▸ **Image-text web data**
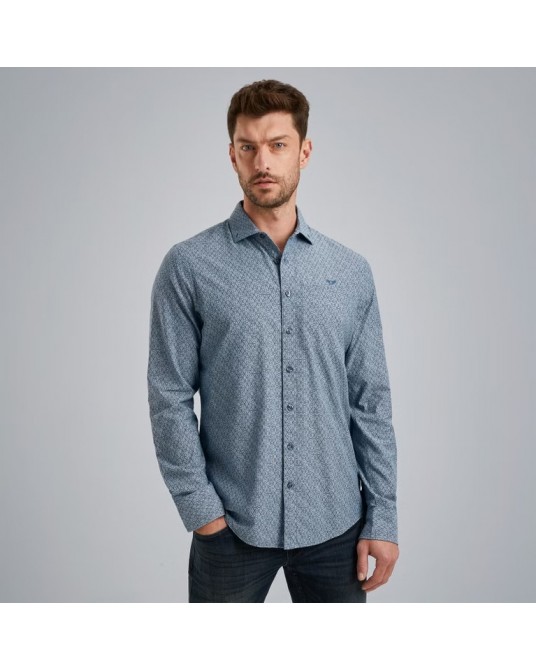 CHEMISE LM 3002539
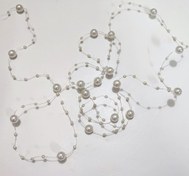 تصویر ریسه مروارید کد ۱۳۰ 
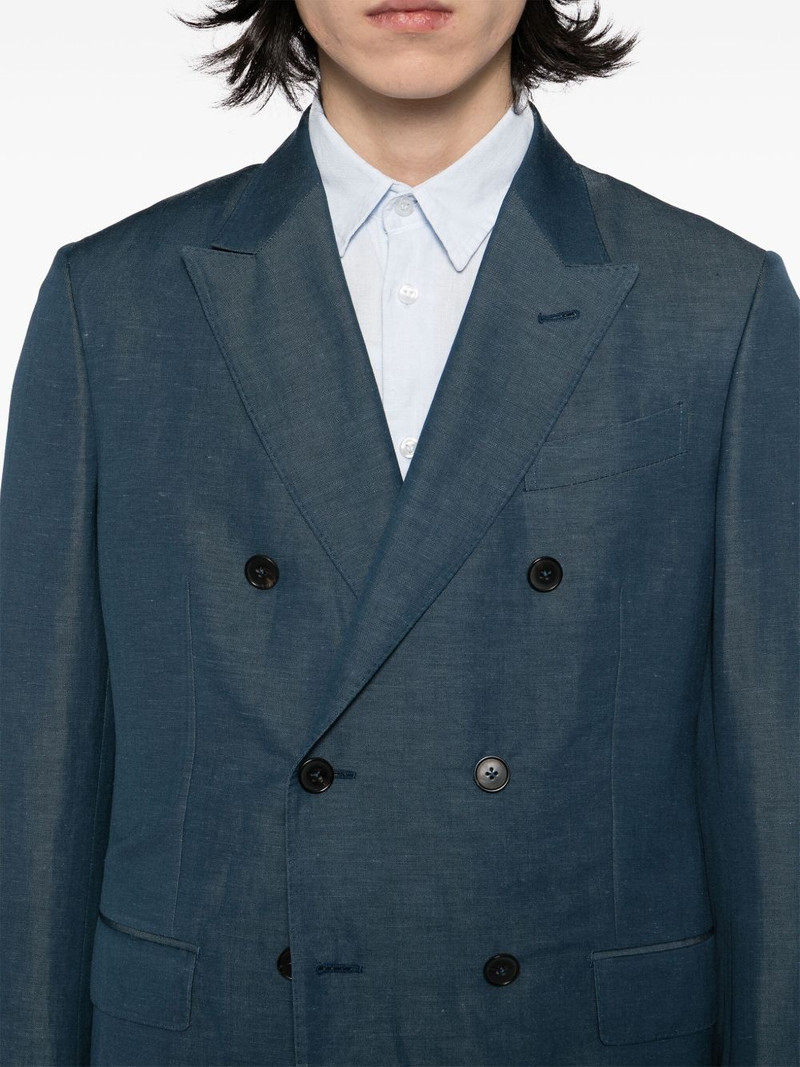 Trofeo suit 4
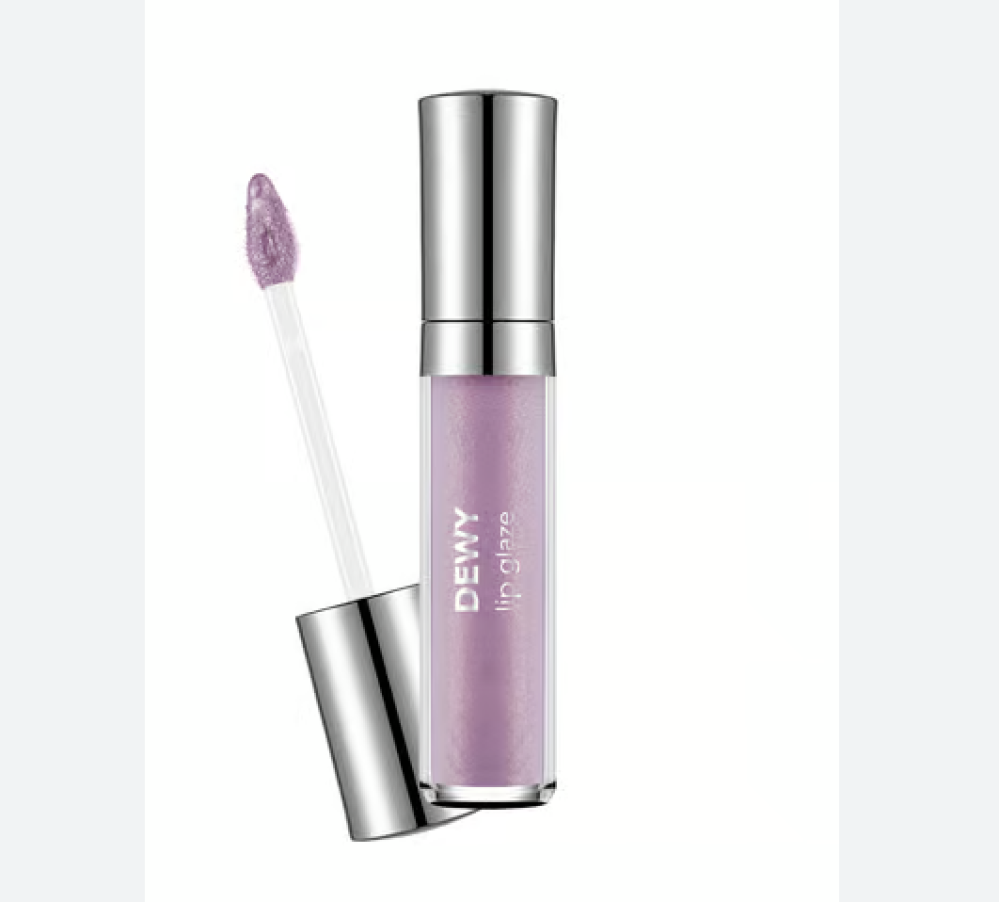 فلورمار لب جلوس 025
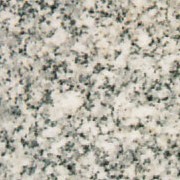 Stone-Granite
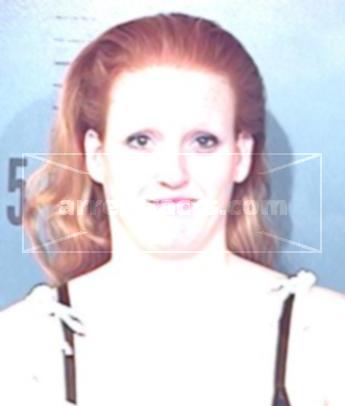 Missy Jo Dean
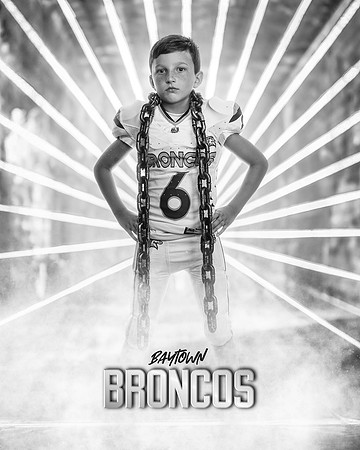 FR_Shaffer_Easton_SF_20104_GOAL POST__LAZER_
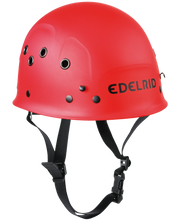 ULTRALIGHT JUNIOR III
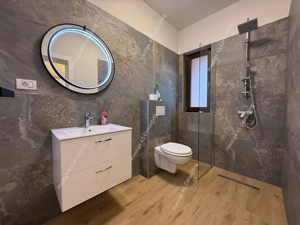 Duplex 5 Camere | 295mp Teren | Str Dunarea-Giroc - imagine 8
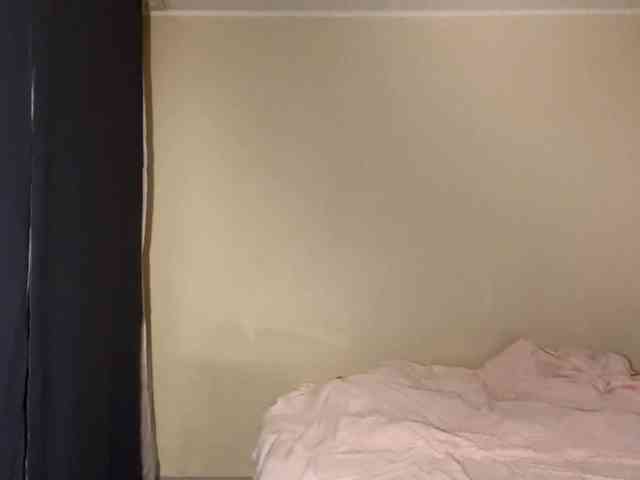 DominicaTkach webcam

▸ **Exercise**
Pictures stay out of this copy; write out the entries above exactly.

▸ **Solution**
 CHEMISE LM 3002539
 تصویر ریسه مروارید کد ۱۳۰ 
 Trofeo suit 4
 فلورمار لب جلوس 025
 Stone-Granite
 Missy Jo Dean
 FR_Shaffer_Easton_SF_20104_GOAL POST__LAZER_
 ULTRALIGHT JUNIOR III
 Duplex 5 Camere | 295mp Teren | Str Dunarea-Giroc - imagine 8
 DominicaTkach webcam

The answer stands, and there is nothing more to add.